O traje é medieval e de muito mau gosto estético e funcional. É uma veste eclesial: o mesmo para homens e mulheres. Isto é, todos são iguais, desaparecem todas as diferenças: e isto tem lógica, a FORMA é a mesma e os formandos perderam sua identidade mesmo de gênero contudo os jovens conseguem em alguns momentos ridicularizar as formalidades: dão nós nas batas, enrolam as faixas, esgarçam os chapéus, arrancam suas plumas, transformam os “enfeites” do peito em babadores ou guardanapos e as meninas conseguem, sob pretexto de não tropeçar nas vestes e cair, as suspendem até a altura da cintura e exibem suas esculturais pernas (esculturais porque a academia não admite dizer que as pernas daquela formanda eram bonitas, sensuais, eróticas) completamente despidas (ou alguém acredita que por baixo das pesadas batas no calor tropical possa existir qualquer outro traje?!). Muita pose, muita luz, muita fotografia, muita mídia... não porque é bonito, mas porque é exótico, é bizarro!
... e a mesa de formatura, mesa de honra? Formal, mas igualmente constrangedor, se visto por alguém de outro planeta. Autoridades intelectuais, senhores e senhoras das ciências, das artes e da cultura: os trajes, os barretes, os rituais... Então o presidente da mesa anuncia que o “trabalho” irá iniciar. Mas afinal, este ritual acadêmico é trabalho, é celebração, é festa, é comemoração?! Nada disto, é formatura: é chancelar em caráter oficial que todos os formandos estão legalmente dentro da forma.
Mas nem todos os que entram na Universidade como bixos saem dela como formados. Uma grande porcentagem sai dela como jubilado ou reprovado ou desistente – Jubilação ou jubilamento: júbilo, grande alegria... apresentação honrosa (Caldas Aulete). Só um discurso bonito para camuflar o sofrimento e a tragédia. Cretinice é uma doença!
O trágico não é a estrutura historicamente ser armada assim. O trágico é toda uma população, uma comunidade, uma cultura achar que é assim mesmo. Que deve ser assim porque sempre foi assim, que assim é natural e é bonito. (O ruim não é oferecer à vovó um pedaço de sabão e dizer que é queijo. O ruim é a vovó acreditar!).
Indo além do espaço acadêmico: há um momento na vida do professor, do trabalhador, em que ele é enviado para seus aposentos, é aposentado, ou, é categorizado como inativo: não faz mais nada. Não precisa dizer mais nada; o absurdo, a contradição são evidentes.
A função das instituição de educação e do Estado é garantir a vida, a dignidade e a realização de todos os cidadãos como pessoas.
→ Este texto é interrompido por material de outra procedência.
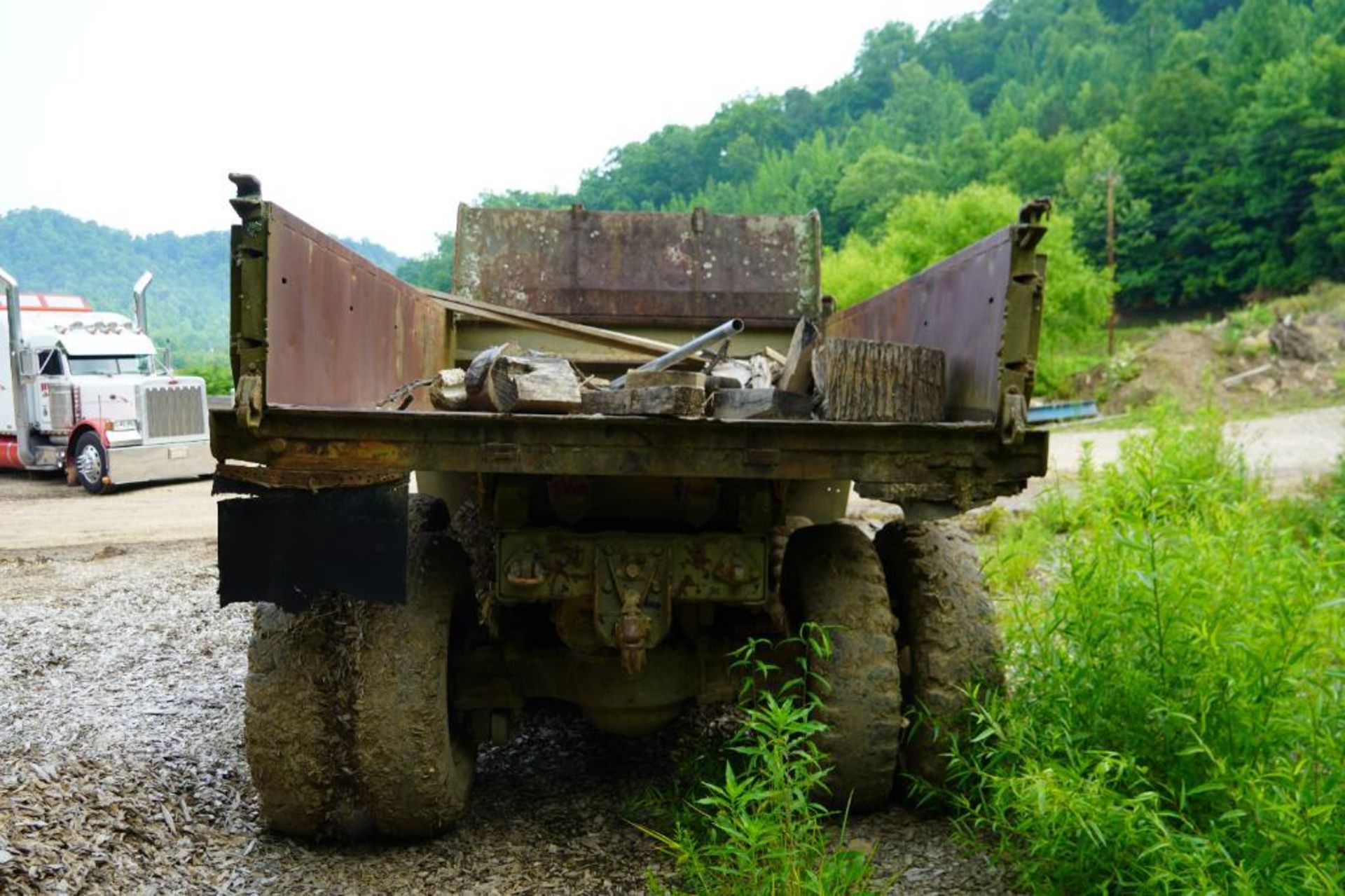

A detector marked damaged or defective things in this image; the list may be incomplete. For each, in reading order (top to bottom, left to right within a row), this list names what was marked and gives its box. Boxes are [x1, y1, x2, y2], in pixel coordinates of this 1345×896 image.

Assim, na lógica do sistema, antes de formados são bixos, depois são formados, depois são dispensados até que a morte os leve para a inatividade fatal.
O problema da previdência no Brasil são as crianças e jovens que não trabalham; isto é que não contribuem e os velhos – hoje ainda nascem muitas crianças e sobrevivem e os velhos que demoram demais para morrer (Afirmação atribuída a FHC na discussão sobre a crise da Previdência no Brasil).
Repita a mesma mentira muitas vezes e de diversas maneiras e ela se tornará verdade – até que uma criança grite do meio da multidão: “o rei está nu”.